Statalist The Stata Listserver


[Date Prev][Date Next][Thread Prev][Thread Next][Date index][Thread index]

Re: st: stepwise


From   Richard Williams <Richard.A.Williams.5@ND.Edu>
To   statalist@hsphsun2.harvard.edu
Subject   Re: st: stepwise
Date   Mon, 04 Sep 2006 11:17:35 -0400

At 10:19 AM 9/4/2006, Timothy.Mak@iop.kcl.ac.uk wrote:
Hi Richard,

Do you know how the SPSS pairwise procedure work? I don't think it works
the way I wanted it to work.
Pairwise is one of the options on the SPSS regression command. It will compute the correlations using pairwise deletion and then do the calculations from there. Pairwise isn't too bad if data are missing randomly and MD is scattered across cases. However, nonrandom missing data can be a problem. Pairwise deletion and other commonly used (and misused) techniques are discussed in my handout at

http://www.nd.edu/~rwilliam/stats2/l12.pdf


Now I'm really curious about why you suggested using a lower cut-off than
.05. In fact I was going to use 0.15, as suggested in Hosmer and Lemeshow.
Those two may know more than I do! But the concern is that, with stepwise, vars can enter into the equation just by chance. So, suppose your final model has X1-X3, and you make a big deal about your profound discovery of the importance of these vars. But, just by chance alone, if you have 50 vars and alpha = .05, you would expect about 3 vars to enter into the equation. The problem is compounded if you don't tell people you used stepwise and make it sound like it was your great theory that identified those 3 winners!
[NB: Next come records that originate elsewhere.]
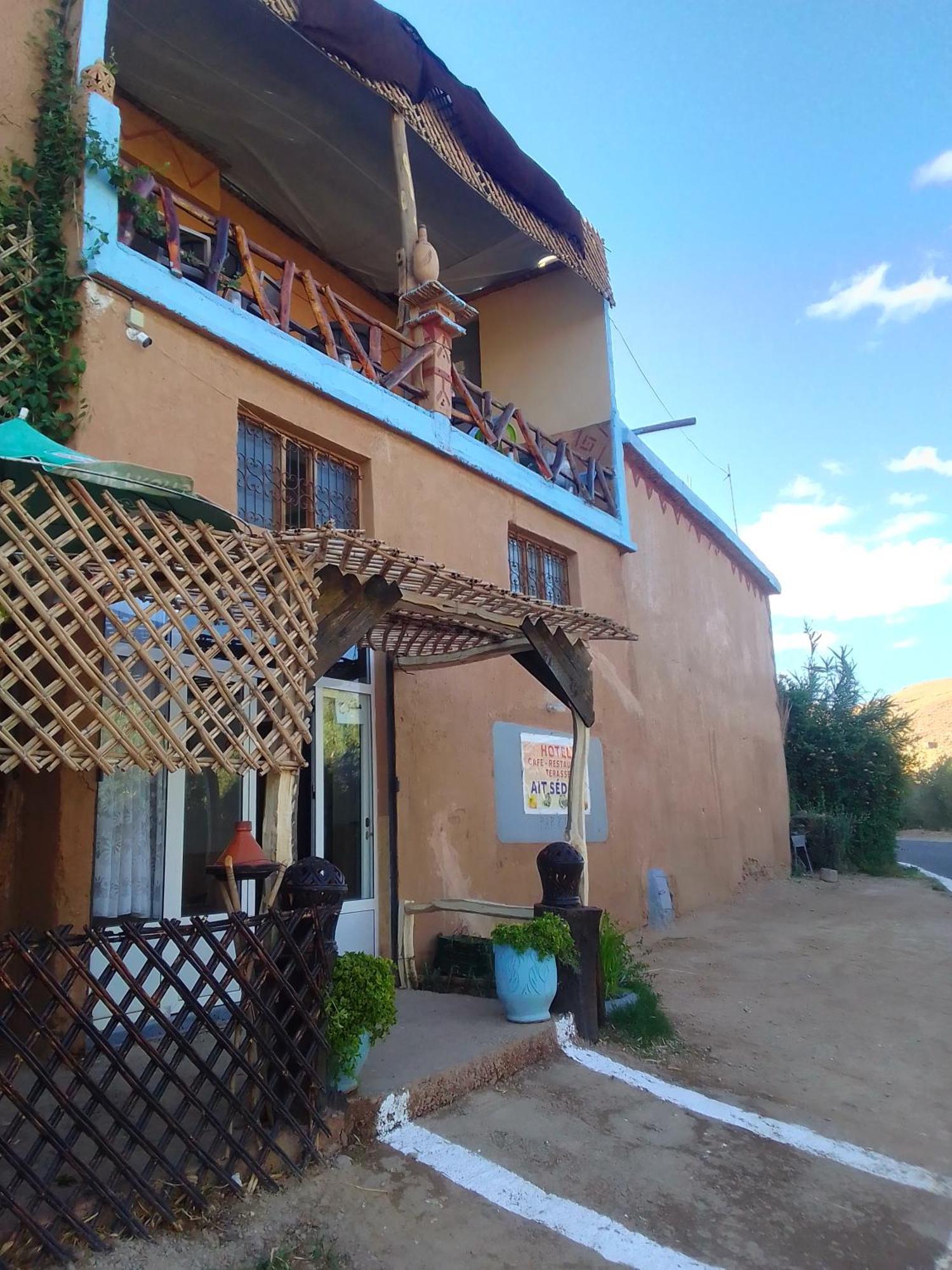 Hotel Restaurant Ait Saderat Boumalne Dades Exterior photo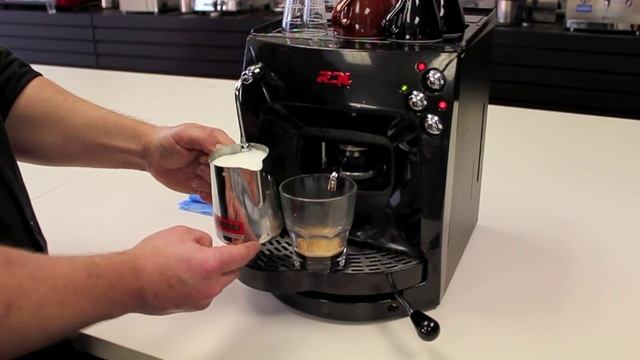 RDL CREAM ELE Espresso Coffee Pod Machine - Making a Caffe Latte смотреть онлайн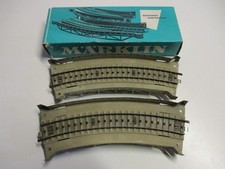 Märklin H0 7167  2x Rampenstück gebogen mit OVP türkis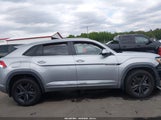 Volkswagen Atlas Cross Sport 3.6L V6 Se W/Technology R-Line 1V2RE2CA7MC235250 photo
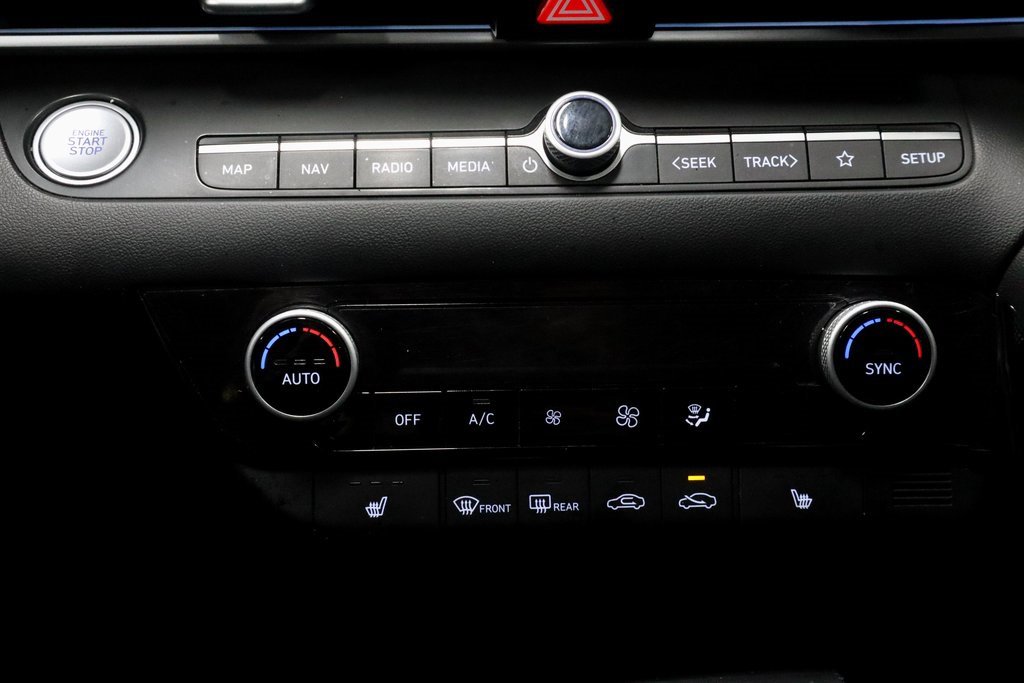 Certified 2023 Hyundai Elantra Limited image 32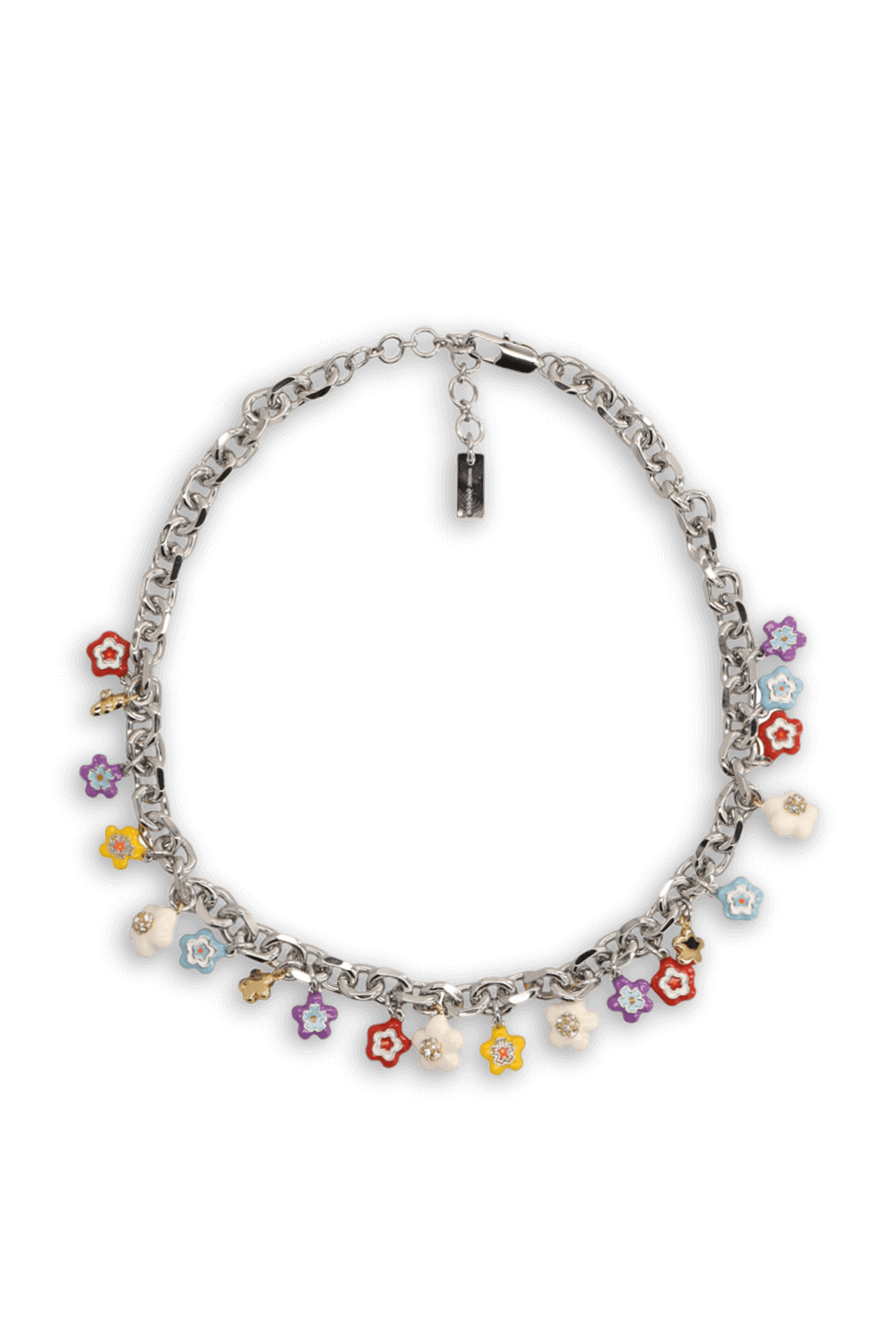 תמונה קידמית של שרשרת ווילד דייזי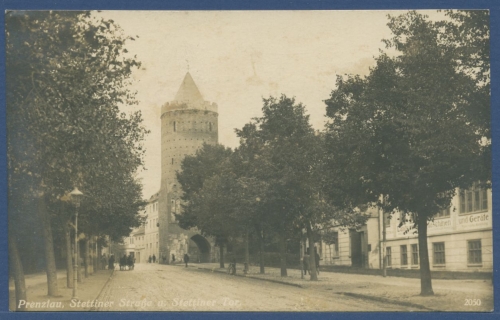 Prenzlau Stettiner Tor Fa. für Landwitschaftliche Geräte, gelaufen 1926 (AK1827)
The counter-argument, I guess, is that you want to increase the likelihood that important controls are being included. However, keep in mind that if you have 50 vars and alpha = .15, then just by chance alone 7 or 8 could make it in.

My brief handout on stepwise is at

http://www.nd.edu/~rwilliam/stats1/x95.pdf

One other followup on what I said before:

I don't know about other fields, but in the Social Sciences it is quite common to ask several questions that all tap the same underlying attitude, e.g. there might be 6 questions that measure self-efficacy, another 6 questions that tap political liberalism, etc. If you try to include all these variables in a regression you have a problem because you're basically including the same variable operationalized in 6 different ways. But, choosing only one of the 6 can be a problem too, since it isn't obvious which question is the "best." So typically, you would use factor analysis or some other scale construction technique; and besides having fewer vars, if done right the resulting scale should be more reliable than the individual measures were.

I don't know about this particular data set, but I'd be a little surprised if X1-X50 measured 50 unique concepts. Ergo, I'd be tempted to try scale construction before I'd use stepwise to make the fine-line distinction between X1 and X2.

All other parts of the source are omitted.